Dante pressed his forehead to the back of her hand. “I need you to come back. You hear me?”
A faint sound escaped her throat. Not a word. But something.
His eyes snapped up. He shifted closer, brushing her hair gently back from her face. The bruises beneath her eyes had started to yellow at the edges. She looked younger. Like someone who hadn’t crashed through the world and survived it.
“I’m here,” he whispered. “I’m not going anywhere.”
He glanced out the small port window. The sun was rising over the Gulf. The clouds blushed with gold and blood-orange light. Below it, New Orleans waited.
“Almost there.”
He didn’t realize he was crying until her fingers twitched again, not a spasm this time, but intentional. Searching. And then, her lips parted just slightly. Not a full word. But the breath formed a shape. “Dante.”
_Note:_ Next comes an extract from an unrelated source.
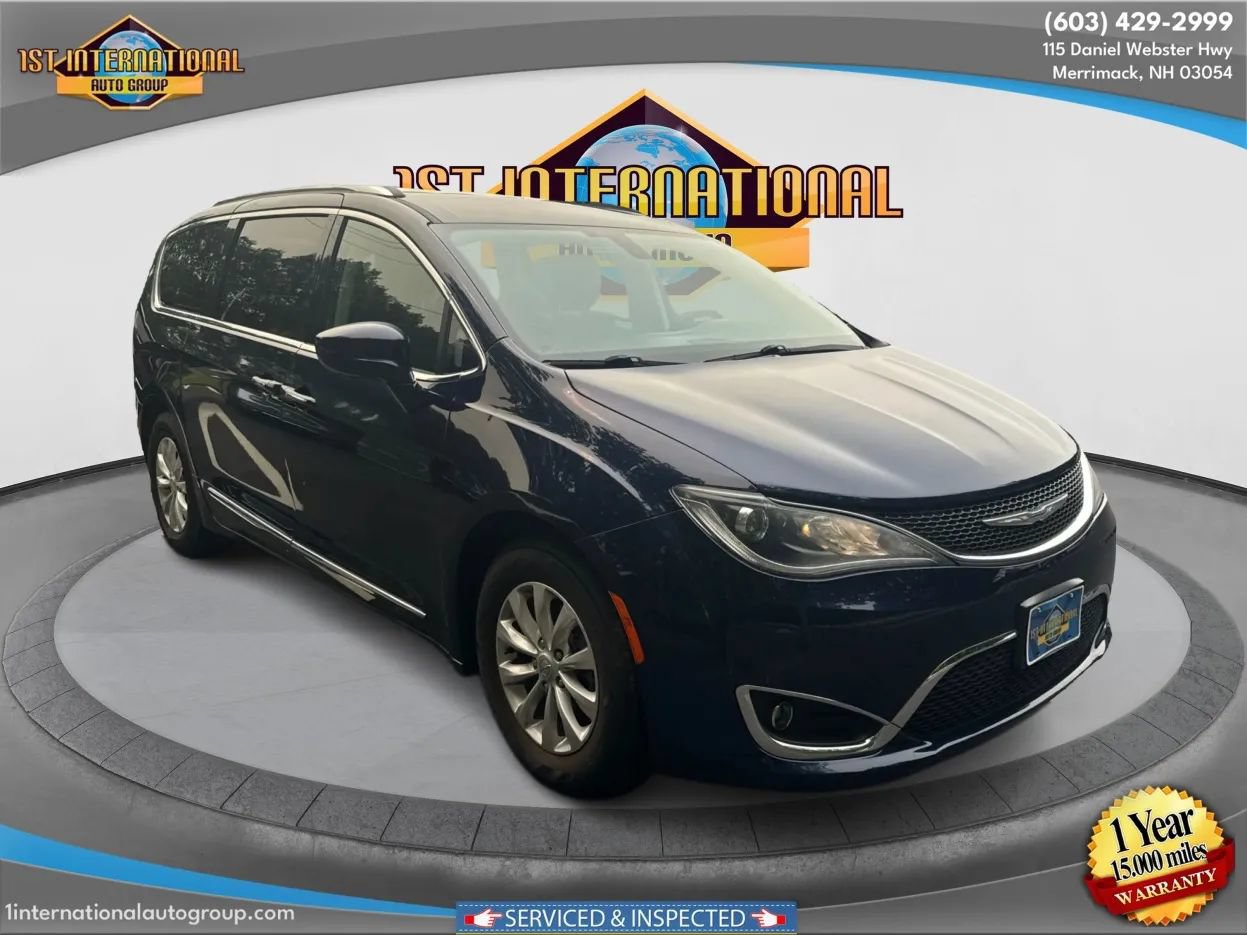 Used 2019 Chrysler Pacifica Touring-L FWD image 2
His heart clenched hard. “I’m right here.” He shifted, gently curling his body toward her. She was too injured for much contact, but he made space, the kind of space that let her feel surrounded.
The medic clocked his movement. He didn’t stop him. He didn’t need to.
TWENTY-NINE
CHASE MEDICAL NEW ORLEANS – TWO WEEKS POST-CRASH
The Gulfstream’s wheels hissed across the wet runway before the plane slowed to taxi. A thin mist clung low to the ground, rising from the tarmac in pale streaks where the sun hadn’t burned it off yet. The air that swept through the cabin when the hatch cracked was comfortable but humid.
Dante stood before the stairs lowered, one hand braced on the overhead rail, muscles tight and useless. He hadn’t slept in… he didn’t know how long. The last clear moment was Shannon’s hand slipping off his arm mid-flight as her consciousness thinned again.
Below, the Chase transport corridor glowed under floodlights. Hunt Montgomery was already striding toward the jet before the wheels stopped, gloves halfway on, eyes sharp and unblinking. Lucas Hale shadowed him with the receiving cot, murmuring updates into his headset.
Dante barely heard them. He only saw Shannon.
Sam Johnson sprinted across the wet pavement wearing his West Point cadet grays, wrinkled and stained from travel. One hand clutched a half-zipped duffel; the other pointed at the med team blocking his path. “That’s my sister!”
They let him through.
The door finally dropped. Dante stepped down first.
Hunt met his eyes. “Status?”
Dante swallowed. His voice felt scraped raw. “She responded once. Said my name. Didn’t last long.”
A single nod. Then Hunt moved, climbing inside the jet without another word. Dante followed.
Shannon lay cocooned in blankets, lashes beaded with sweat, breaths shallow from exertion and altitude. Her skin looked too pale against the straps.
Hunt checked her vitals, then Hale cut the flight straps with a smooth flick. “Okay, sweetheart. Let’s get you where you need to be. On three.”
Dante watched their precision with a soldier’s eye and hated it. He knew that kind of efficiency. It meant they were scared.
They transferred her without a jostle. As they rolled her toward the ramp, her brow twitched. Dante’s chest clenched.
“Dante,” Sam said, voice tight. “Is she…?”
“Fighting,” Dante answered. “She fought the whole way.”
Sam nodded once and climbed into the ambulance without hesitation. Dante followed.
Inside the main entrance of Chase Medical New Orleans, Mack Browning, tall with a gray-flecked beard, sleeves rolled past his elbows, waited with a clipboard. His expression was of a man who’d already read three reports and didn’t like any of them. “You boys took your time.”